Dois dias, uma noite
Por fim chegamos a Dois dias, uma noite, mais novo rebento do humanismo radical dos irmãos Dardenne. Aqui, com a concentração temporal expressa no próprio título, acompanhamos a saga da operária belga Sandra (Marion Cotillard) para tentar manter o seu emprego. Para isso, ela tem de convencer seus colegas de fábrica a abrir mão de um bônus de mil euros.
Alguns críticos questionaram a verossimilhança da situação e do drama de Sandra, mas o que importa aqui é a verdade essencial por trás do entrecho: uma conjuntura (ou um sistema?) social de escassez do emprego, em que os trabalhadores são jogados uns contra os outros num salve-se quem puder em que “cada um cuida de si e irmão desconhece irmão”, para dizer como Paulinho da Viola.
O que interessa aos Dardenne é examinar, nesse contexto adverso, o espaço que sobra para valores e sentimentos como a solidariedade, a compaixão, a fraternidade. A frase que mais se ouve no filme é “ponha-se no meu lugar por um momento”, e é disso que se trata, justamente: a faculdade, que estamos perdendo, de nos colocar no lugar do outro, de viver o seu drama.
Há algo de religioso nessa busca, mas de uma religião sem ilusões, sem dogmas, sem carolice.

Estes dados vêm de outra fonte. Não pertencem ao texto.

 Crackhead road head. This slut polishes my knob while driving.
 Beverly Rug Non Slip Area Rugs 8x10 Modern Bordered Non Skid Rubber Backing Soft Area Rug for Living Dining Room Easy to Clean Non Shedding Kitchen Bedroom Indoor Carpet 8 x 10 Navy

De pés no chão, literalmente, pois, com seu estilo habitual de acompanhar os personagens de perto, de preferência com a câmera na mão, os Dardenne nos fazem seguir a peregrinação de Sandra por ruas de terra, corredores, conjuntos habitacionais, oficinas, mercearias, becos – lugares desglamorizados onde pulsam os pequenos dramas de um grande cinema.